Clay Shirky
What we think we know about categorization is wrong. Because we're holding onto old outmoded techniques for categorization.

Q: what is Ontology. A: It depends on what the meaning of "is" is. The study of what exists in a domain and how do these elements relate.

The parable of the Travel Agent.
Travel agents exist to distribute the interface between a handful of airlines and a large number of consumers. The web replaces this so the TAs claim they add value. What's surprising is that the internet plays tried to use the same argument. They tried to recapitulate the old order rather than undermine it. It took some time for people to realise the problem had changed.

Classification schemes. Periodic table. Best classification scheme ever. Almost perfect. Context shifts where a whole column were labelled "gasses" where that's only true at some temporary ranges.

Libraries are the commonest classification system. And have huge fundamental mistakes. eg Dewey scheme category religion is all Christian. Library of congress treats Asia and Switzerland as equivalent in size. The essence is actually "number of books" about this topic. Optimises linear shelf space. Not reality. Unfortunately librarians now are using the same approach in the digital domain where shelf space is irrelevant. The argument like travel agents is that they are recapitulating what went before instead of undermining it.

Yahoo grew into a hierarchy of categories. So they hired a professional ontologist. Who built a huge tree. They said "we understand this better than you". They felt they couldn't organise the world without the shelf so they added the shelf back in. And so we get a tree structure. But the world isn't tree structured. So add a few cross links. So let's have a hierarchy with lots and lots of links. But the ontologists said "get outta here" and limited them to a maximum of 3.

In reality, there are lots of links and no tree. And Google took over because there is no filing system. There's only links. Google bought DMOZ, but nobody used it so they downgraded it.

When does ontological organisation work well? Small corpus, formal categories, stable entities, clear edges, coordinated users, expert users, expert cataloguers, authoritative source. Note: ontologists often claim the users don't understand the categories.
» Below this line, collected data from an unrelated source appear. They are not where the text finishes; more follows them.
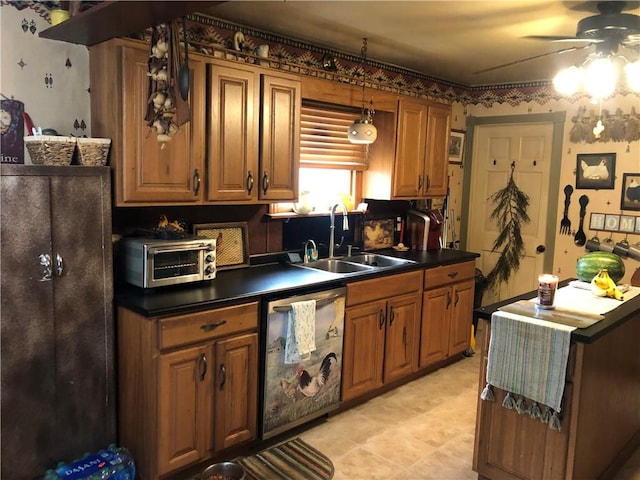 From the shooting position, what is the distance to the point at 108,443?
2664 millimetres

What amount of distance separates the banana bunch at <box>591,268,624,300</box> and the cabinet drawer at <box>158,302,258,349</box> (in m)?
1.82

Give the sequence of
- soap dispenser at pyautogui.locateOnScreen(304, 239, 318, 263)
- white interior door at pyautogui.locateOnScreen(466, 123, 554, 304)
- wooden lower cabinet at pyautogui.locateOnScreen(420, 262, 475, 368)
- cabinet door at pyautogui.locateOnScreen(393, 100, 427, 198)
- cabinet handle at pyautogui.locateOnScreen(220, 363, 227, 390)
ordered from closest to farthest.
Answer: cabinet handle at pyautogui.locateOnScreen(220, 363, 227, 390), soap dispenser at pyautogui.locateOnScreen(304, 239, 318, 263), wooden lower cabinet at pyautogui.locateOnScreen(420, 262, 475, 368), cabinet door at pyautogui.locateOnScreen(393, 100, 427, 198), white interior door at pyautogui.locateOnScreen(466, 123, 554, 304)

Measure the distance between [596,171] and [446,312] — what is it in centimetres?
185

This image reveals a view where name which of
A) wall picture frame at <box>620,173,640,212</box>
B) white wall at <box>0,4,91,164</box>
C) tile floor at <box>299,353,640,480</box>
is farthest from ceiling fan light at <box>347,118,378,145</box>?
wall picture frame at <box>620,173,640,212</box>

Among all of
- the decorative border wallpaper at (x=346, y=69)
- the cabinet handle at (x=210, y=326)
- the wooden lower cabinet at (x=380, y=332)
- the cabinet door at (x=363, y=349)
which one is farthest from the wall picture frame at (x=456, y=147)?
the cabinet handle at (x=210, y=326)

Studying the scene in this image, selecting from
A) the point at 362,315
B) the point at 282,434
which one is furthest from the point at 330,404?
the point at 362,315

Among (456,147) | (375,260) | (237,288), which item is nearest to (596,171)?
(456,147)

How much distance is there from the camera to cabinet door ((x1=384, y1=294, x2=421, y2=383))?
3.70 m

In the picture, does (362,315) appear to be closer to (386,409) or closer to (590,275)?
(386,409)

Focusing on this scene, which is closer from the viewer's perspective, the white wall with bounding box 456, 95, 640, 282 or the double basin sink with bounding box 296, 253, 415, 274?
the double basin sink with bounding box 296, 253, 415, 274

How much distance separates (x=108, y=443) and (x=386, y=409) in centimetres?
176

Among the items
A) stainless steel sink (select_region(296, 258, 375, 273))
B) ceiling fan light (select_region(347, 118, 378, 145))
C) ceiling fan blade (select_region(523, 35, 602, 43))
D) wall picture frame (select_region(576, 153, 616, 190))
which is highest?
ceiling fan blade (select_region(523, 35, 602, 43))

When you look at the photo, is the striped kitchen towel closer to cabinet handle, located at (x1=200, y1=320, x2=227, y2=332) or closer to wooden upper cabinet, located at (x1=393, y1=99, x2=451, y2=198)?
cabinet handle, located at (x1=200, y1=320, x2=227, y2=332)

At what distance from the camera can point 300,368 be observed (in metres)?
3.08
And see this as a user's problems.

Turn it around and you have where it works badly. And that is a perfect description of the web. Huge scale, uncoordinated users, no authority.

Voodoo categorisation. Act on the model and it changes the world. Classify an SUV as a small truck and it becomes popular. Signal Loss. Ontologists claim that synonyms fail. But actually synonyms refer to different things.

Predicting the future is hard. A. This is a book about Dresden. B. This book is about Dresden, and goes into the category "East Germany". Ooops. Countries are radically different to cities. One is an idea, the other is physical. But we can't change it because we don't have the staff to move the books. Absolutely key. Categorization requires predicting the future.

"My God, it's full of links". Adventures in scale pt.1 Don't merge categories, merge the GUIDs.

Great minds don't think alike. Adventures in scale pt.2 power law distribution of people and numbers of tags they've done. Long tail. classic sign of an unconstrained population behaviour. Look at number of entries for tags for one person, and it's another power law. 10% of the tags have 90% of the entries. Now look at 2 URLs and study the tags used against them. A lot of entries have very clear convergence. Some URLs have classic power law curves with less consensus. Which gives us a measure of the certainty of the popular tags.

Organic Categorization
- Market logic: individual motivation but group value.
- Merged from URLs (links), not categories
- Merges create overlap, not sync
- Merges are probabilistic not binary
- User and time are core attributes
- Signal loss comes from expression not compression
- One off categories are ignored, rather than deflected. Filtering is after the publishing. (very deep idea here).
- The semantics are in the users, not in the system. Does the world make sense or do we make sense of the world. Objective vs subjective. Recognises that there are alternate views.

(note: If you don't understand Unix, you are doomed to re-invent it. There is only World, Group and User)